# Any Kansas City Royals Fans Here?



## TBoneJack (Mar 21, 2015)

I'm a Kansas City Royals fan. With a bag over my head most years.

But I do love to go to the day games during the week for "lunch meetings" with "business colleagues".

KC BBQ and skipping work for an occasional game. Springtime is here.


----------



## needsomebeans (Mar 21, 2015)

I understand about keeping a bag over your head. Royals had a good run last year. I'm myself root for the Reds. Opening day is just a few days away!


----------



## TBoneJack (Mar 21, 2015)

needsomebeans said:


> I understand about keeping a bag over your head. Royals had a good run last year. I'm myself root for the Reds. Opening day is just a few days away!

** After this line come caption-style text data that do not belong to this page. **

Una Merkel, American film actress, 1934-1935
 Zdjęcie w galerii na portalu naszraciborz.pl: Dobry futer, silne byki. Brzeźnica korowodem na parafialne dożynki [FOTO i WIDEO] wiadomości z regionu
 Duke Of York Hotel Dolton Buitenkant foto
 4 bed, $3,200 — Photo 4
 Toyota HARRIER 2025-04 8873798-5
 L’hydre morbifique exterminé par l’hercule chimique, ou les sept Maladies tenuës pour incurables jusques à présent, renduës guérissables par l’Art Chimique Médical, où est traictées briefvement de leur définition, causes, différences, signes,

You're a Kentucky Wildcat fan. You aren't gonna need a bag for a LONG time my friend. They be good for a long time to come, I think.


----------



## UncleBuck (Mar 21, 2015)

complete overcompensation.


----------



## needsomebeans (Mar 21, 2015)

They are on a mission. 40-0!


----------



## doniawon (Oct 28, 2015)

Go royals


----------



## Corso312 (Oct 28, 2015)

Lookin tough.. Think mets are DOA


----------



## doublejj (Oct 29, 2015)

Good luck Royals....Giants fan here


----------



## New Age United (Oct 30, 2015)

No mets are gonna take it. I know they had more time off but I'm looking for a game 7 mets win. Don't have the passion I had for the Jays though.


----------



## adower (Nov 7, 2015)

Sf Giants all the way!!


----------